> [INSTRUCTIONS FOR THE TASK]
From the line containing "35ml Pour Femme" to the end of the records below, both included, every line should be repeated exactly; pictures should be dropped.

━━━ RECORDS FOR THE TASK

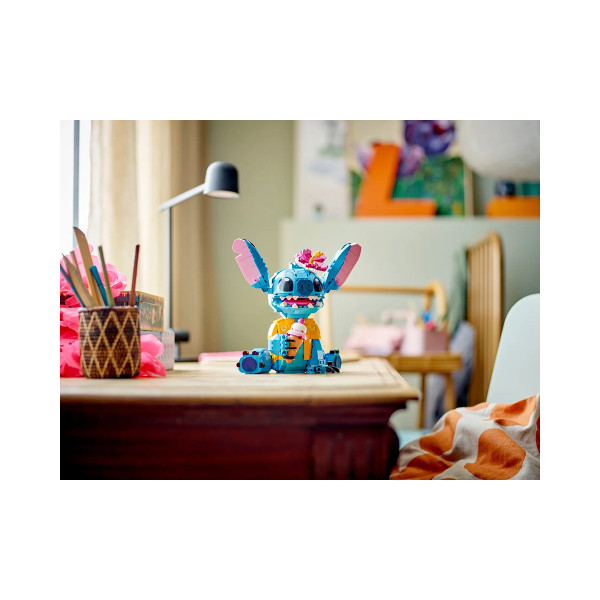 LEGO коцки, Disney, Stitch
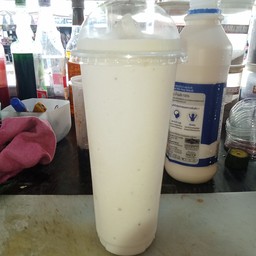 กล้วยหอมปั่น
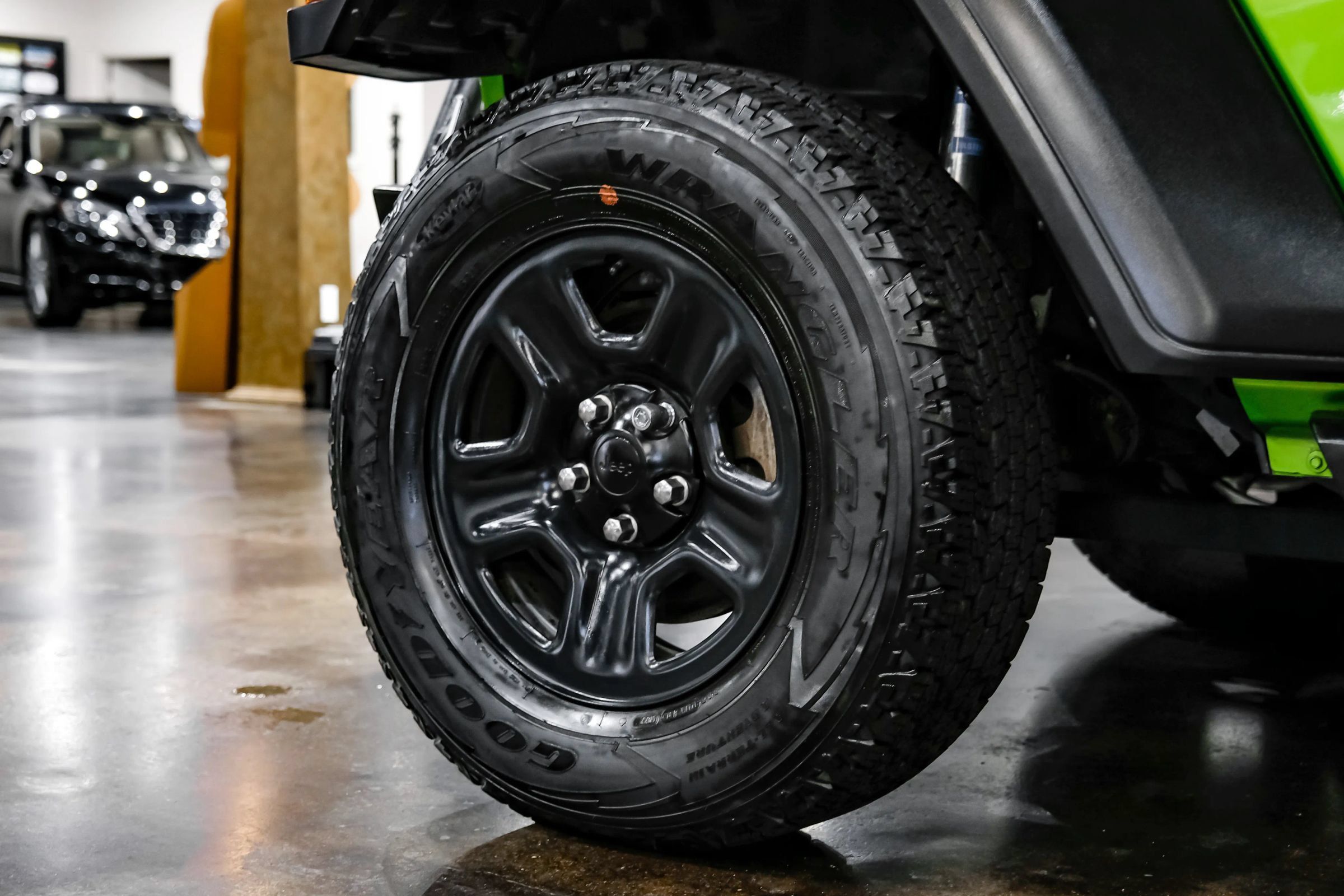 Used 2020 Jeep Wrangler Unlimited Sport AWD/4WD image 53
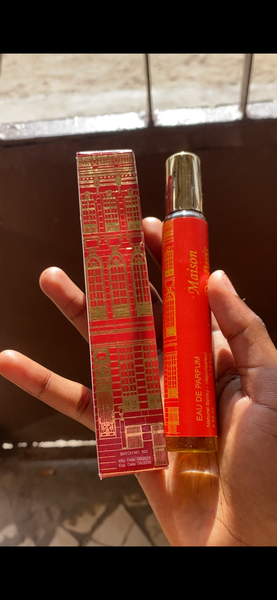 Flacon  35ml Pour Femme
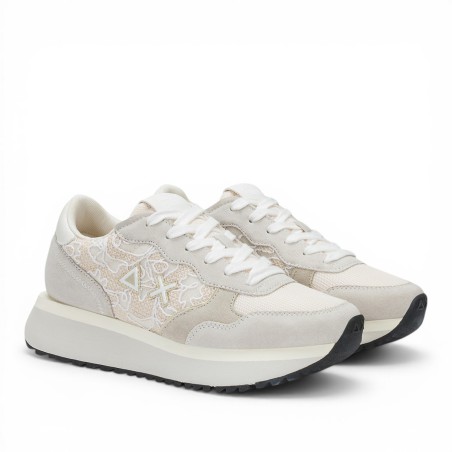 SUN68 - Zapatillas Big Ally Flower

━━━━━━

> [SOLVED EXERCISE]
 Flacon  35ml Pour Femme
 SUN68 - Zapatillas Big Ally Flower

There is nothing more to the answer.